Le très long rapport de la Chambre des Comptes Auvergne-Rhône-Alpes sur l’association Prioriterre pose de nouveau de nombreuses interrogations. L’examen des magistrats des Comptes intervient pour une période assez longue de quatre années après la commission des irrégularités. C’est dire qu’avant l’examen de la Chambre, de nombreuses barrières auraient dû prévenir des dysfonctionnements nombreux.
Des collectivités ont versé des subventions importantes, sans exercer de contrôle. Un élu a prêté de l’argent à l’association alors qu’il votait des délibérations concernant cette dernière. Des entreprises étaient adhérentes d’une association qui prodiguait des conseils sans que la Cour ait la preuve de la confidentialité des informations recueillies. Des sommes correspondant à des adhésions ou à des subventions n’ont pas été imputées sur les bons postes, ce qui a faussé les critères d’attribution de nouvelles subventions
Le rapport de la Chambre se termine par des recommandations qui arrivent tardivement et qui n’ont d’autre intérêt, espérons-le, qu’un retour à la norme. On sait que ces recommandations n’ont rien d’obligatoire. Elles ont la valeur floue d’un feu orange sur la route et pas celle d’un feu rouge. Elles n’entrainent aucune sanction, comme de remboursement de sommes indues, ce qui est la règle dans de nombreux secteurs pour des particuliers ou des entreprises. On sait qu’à défaut d’actes potentiellement délictueux, les observations des juridictions des Comptes ne sont souvent pas suivies d’effet.
Car les termes irrégularités ou non conformité à la loi n’ont aucune conséquence. On doit au contraire imaginer que les irrégularités soient précisément décrites et recensées dans les conclusions du rapport, comme dans un jugement digne de ce nom.
Le fait que des irrégularités soient relevées, dans une structure d’une certaine importance capable de recourir à des conseils compétents, sur des montants d’un certain volume, devrait permettre de pénaliser les structures incriminées, qu’elles aient accordé des fonds ou qu’elles en aient bénéficié.
Les collectivités qui ont versé sans vérification des fonds publics devraient être sanctionnées en recevant moins de fonds de l’État. L’État par la Dotation globale de fonctionnement, ne saurait aider indistinctement les collectivités bien gérées et celles qui ne le sont objectivement pas. La qualité de la gestion doit être prise en compte par l’Etat dans l’utilisation qu’il fait lui-même de l’argent public qui lui est confié.
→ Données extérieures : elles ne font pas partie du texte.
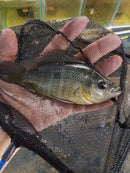 SUPERB BASKETMOUTH CICHLID 5 INCHES UNSEXED (Caquetaia spectabilis)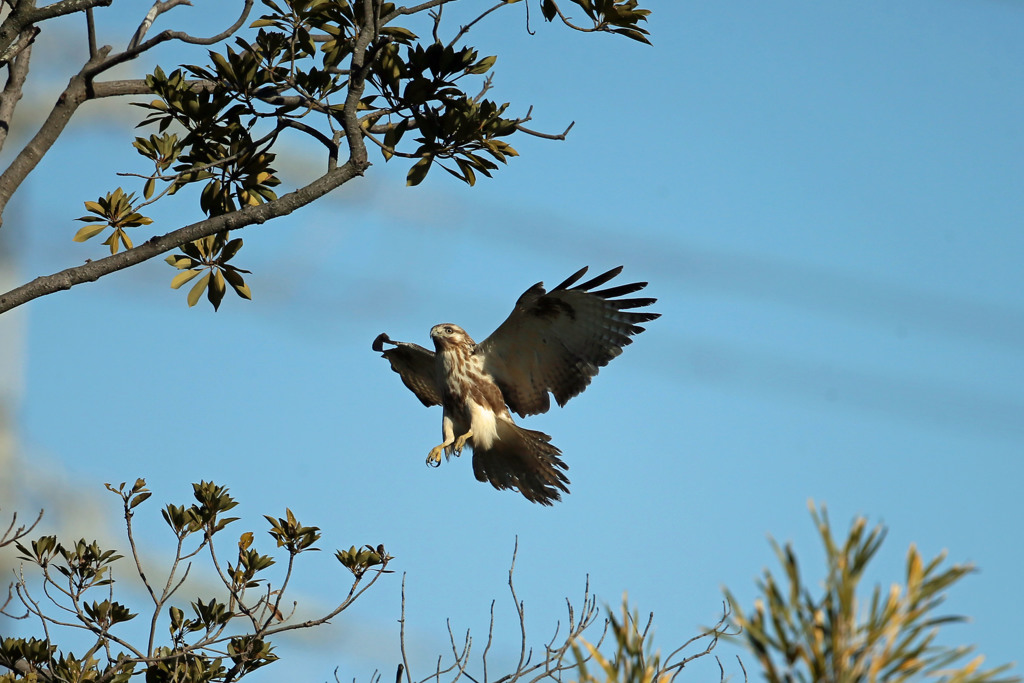 ノスリ翼でブレーキ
Les structures qui ont reçu de l’argent public d’une manière irrégulière devraient être invitées à rembourser une partie des fonds reçus et privées de la possibilité de solliciter de nouveaux financements. C’est ce qu’on appelle la peur du gendarme qui pour le moment sur le route mais pas dans la circulation de l’argent!
La perspective d’un rapport relevant des sanctions applicables, connues des parties prenantes de l’association, adhérents, administrateurs, dirigeants, salariés, aurait un effet dissuasif donc préventif. Chacune des parties prenantes aurait intérêt à veiller au respect des règles. On voit que la lutte contre le fraude dans le domaine social ou fiscal, commence à payer. Il est temps de mettre plus de rigueur ( qui n’a rien à voir avec l’austérité) dans la gestion durable des fonds publics.
Ne pas agir, c’est plus grave que tolérer un mésusage de l’argent du citoyen. C’est autoriser et donc encourager, une inégalité de fait entre structures (donnant ou recevant) bien gérées et celles qui ne le sont pas. C’est laisser s’instaurer une concurrence déloyale entre structures respectueuses des règles et structures peu respectueuses. C’est laisser bénéficier d’un avantage compétitif définitivement acquis, jamais repris, qui n’a rien à voir avec la justice des comptes.